▸ **Directions for this task**
Within the records below, reproduce without change the lines from the line that has "Green Park Beach" through the line that has "ZAP AMANET Gara", and only those.

___ Exercise data ___

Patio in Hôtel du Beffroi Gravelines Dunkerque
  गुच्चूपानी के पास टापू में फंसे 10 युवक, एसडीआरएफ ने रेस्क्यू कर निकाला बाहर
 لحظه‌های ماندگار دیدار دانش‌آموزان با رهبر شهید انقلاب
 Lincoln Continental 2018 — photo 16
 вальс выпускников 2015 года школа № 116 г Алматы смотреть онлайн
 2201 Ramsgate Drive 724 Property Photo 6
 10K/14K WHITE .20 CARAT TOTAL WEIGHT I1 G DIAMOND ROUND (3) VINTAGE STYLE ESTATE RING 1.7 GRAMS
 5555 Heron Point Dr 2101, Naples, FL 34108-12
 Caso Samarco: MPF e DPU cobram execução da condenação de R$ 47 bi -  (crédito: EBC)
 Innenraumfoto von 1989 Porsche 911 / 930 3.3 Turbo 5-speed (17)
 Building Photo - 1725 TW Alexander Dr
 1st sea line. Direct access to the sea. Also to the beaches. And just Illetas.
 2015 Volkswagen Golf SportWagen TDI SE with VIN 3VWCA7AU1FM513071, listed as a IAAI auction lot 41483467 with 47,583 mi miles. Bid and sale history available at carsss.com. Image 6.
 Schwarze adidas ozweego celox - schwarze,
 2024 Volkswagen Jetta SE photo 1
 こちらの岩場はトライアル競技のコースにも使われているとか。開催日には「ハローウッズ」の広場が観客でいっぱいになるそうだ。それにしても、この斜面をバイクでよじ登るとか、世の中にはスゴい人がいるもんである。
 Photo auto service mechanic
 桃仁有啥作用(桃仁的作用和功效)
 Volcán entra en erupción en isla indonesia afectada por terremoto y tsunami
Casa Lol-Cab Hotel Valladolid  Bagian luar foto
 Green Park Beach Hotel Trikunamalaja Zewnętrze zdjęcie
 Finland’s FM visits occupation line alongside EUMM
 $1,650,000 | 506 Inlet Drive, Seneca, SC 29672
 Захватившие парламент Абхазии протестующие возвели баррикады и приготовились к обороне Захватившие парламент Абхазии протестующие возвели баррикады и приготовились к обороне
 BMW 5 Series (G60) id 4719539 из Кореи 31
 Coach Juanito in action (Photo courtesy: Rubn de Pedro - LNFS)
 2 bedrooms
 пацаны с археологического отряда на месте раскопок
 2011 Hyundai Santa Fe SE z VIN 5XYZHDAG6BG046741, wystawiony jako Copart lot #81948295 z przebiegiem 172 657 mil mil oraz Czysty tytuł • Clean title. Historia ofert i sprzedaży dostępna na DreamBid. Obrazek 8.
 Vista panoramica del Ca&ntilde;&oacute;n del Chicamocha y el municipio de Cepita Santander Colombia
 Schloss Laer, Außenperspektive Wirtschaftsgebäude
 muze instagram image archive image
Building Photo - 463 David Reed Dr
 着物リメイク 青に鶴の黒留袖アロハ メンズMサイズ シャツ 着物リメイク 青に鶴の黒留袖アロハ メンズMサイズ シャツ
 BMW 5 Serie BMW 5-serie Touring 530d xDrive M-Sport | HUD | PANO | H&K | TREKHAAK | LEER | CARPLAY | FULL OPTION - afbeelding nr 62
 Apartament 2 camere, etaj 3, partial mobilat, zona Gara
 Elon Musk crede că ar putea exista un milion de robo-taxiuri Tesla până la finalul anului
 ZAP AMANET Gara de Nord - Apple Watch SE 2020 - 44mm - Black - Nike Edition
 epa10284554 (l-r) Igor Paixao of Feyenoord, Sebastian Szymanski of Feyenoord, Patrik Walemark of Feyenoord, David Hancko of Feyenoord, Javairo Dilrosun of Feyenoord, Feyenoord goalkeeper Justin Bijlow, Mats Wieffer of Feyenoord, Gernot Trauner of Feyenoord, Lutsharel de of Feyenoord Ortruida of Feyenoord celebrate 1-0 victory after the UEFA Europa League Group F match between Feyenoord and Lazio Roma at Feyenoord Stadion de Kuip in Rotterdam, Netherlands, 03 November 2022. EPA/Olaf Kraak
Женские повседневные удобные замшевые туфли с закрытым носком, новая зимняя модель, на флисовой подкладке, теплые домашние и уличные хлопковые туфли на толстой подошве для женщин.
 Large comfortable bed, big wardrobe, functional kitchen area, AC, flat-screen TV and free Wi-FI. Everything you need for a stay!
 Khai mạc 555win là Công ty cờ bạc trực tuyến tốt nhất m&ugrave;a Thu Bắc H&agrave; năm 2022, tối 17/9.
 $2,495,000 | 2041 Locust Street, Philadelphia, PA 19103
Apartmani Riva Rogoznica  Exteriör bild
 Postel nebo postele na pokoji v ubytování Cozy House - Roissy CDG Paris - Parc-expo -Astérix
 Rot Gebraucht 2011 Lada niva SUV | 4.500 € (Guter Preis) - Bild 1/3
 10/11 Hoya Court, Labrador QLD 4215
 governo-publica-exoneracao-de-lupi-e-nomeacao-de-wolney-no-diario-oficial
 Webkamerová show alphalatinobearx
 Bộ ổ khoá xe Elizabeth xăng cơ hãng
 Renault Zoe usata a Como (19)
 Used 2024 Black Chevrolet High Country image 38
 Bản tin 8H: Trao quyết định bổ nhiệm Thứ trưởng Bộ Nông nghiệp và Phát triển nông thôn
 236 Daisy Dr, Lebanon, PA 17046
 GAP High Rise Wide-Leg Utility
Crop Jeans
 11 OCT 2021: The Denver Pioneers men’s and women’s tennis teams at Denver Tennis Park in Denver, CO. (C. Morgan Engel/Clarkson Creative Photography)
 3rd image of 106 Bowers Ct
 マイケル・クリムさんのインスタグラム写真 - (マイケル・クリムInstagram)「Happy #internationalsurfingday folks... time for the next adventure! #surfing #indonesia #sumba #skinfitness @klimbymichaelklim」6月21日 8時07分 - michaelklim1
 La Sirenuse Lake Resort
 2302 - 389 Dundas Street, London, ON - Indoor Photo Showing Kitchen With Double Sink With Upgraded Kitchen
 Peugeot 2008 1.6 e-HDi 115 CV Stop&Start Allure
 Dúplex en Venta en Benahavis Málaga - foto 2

___

▸ **Task response**
 Green Park Beach Hotel Trikunamalaja Zewnętrze zdjęcie
 Finland’s FM visits occupation line alongside EUMM
 $1,650,000 | 506 Inlet Drive, Seneca, SC 29672
 Захватившие парламент Абхазии протестующие возвели баррикады и приготовились к обороне Захватившие парламент Абхазии протестующие возвели баррикады и приготовились к обороне
 BMW 5 Series (G60) id 4719539 из Кореи 31
 Coach Juanito in action (Photo courtesy: Rubn de Pedro - LNFS)
 2 bedrooms
 пацаны с археологического отряда на месте раскопок
 2011 Hyundai Santa Fe SE z VIN 5XYZHDAG6BG046741, wystawiony jako Copart lot #81948295 z przebiegiem 172 657 mil mil oraz Czysty tytuł • Clean title. Historia ofert i sprzedaży dostępna na DreamBid. Obrazek 8.
 Vista panoramica del Ca&ntilde;&oacute;n del Chicamocha y el municipio de Cepita Santander Colombia
 Schloss Laer, Außenperspektive Wirtschaftsgebäude
 muze instagram image archive image
Building Photo - 463 David Reed Dr
 着物リメイク 青に鶴の黒留袖アロハ メンズMサイズ シャツ 着物リメイク 青に鶴の黒留袖アロハ メンズMサイズ シャツ
 BMW 5 Serie BMW 5-serie Touring 530d xDrive M-Sport | HUD | PANO | H&K | TREKHAAK | LEER | CARPLAY | FULL OPTION - afbeelding nr 62
 Apartament 2 camere, etaj 3, partial mobilat, zona Gara
 Elon Musk crede că ar putea exista un milion de robo-taxiuri Tesla până la finalul anului
 ZAP AMANET Gara de Nord - Apple Watch SE 2020 - 44mm - Black - Nike Edition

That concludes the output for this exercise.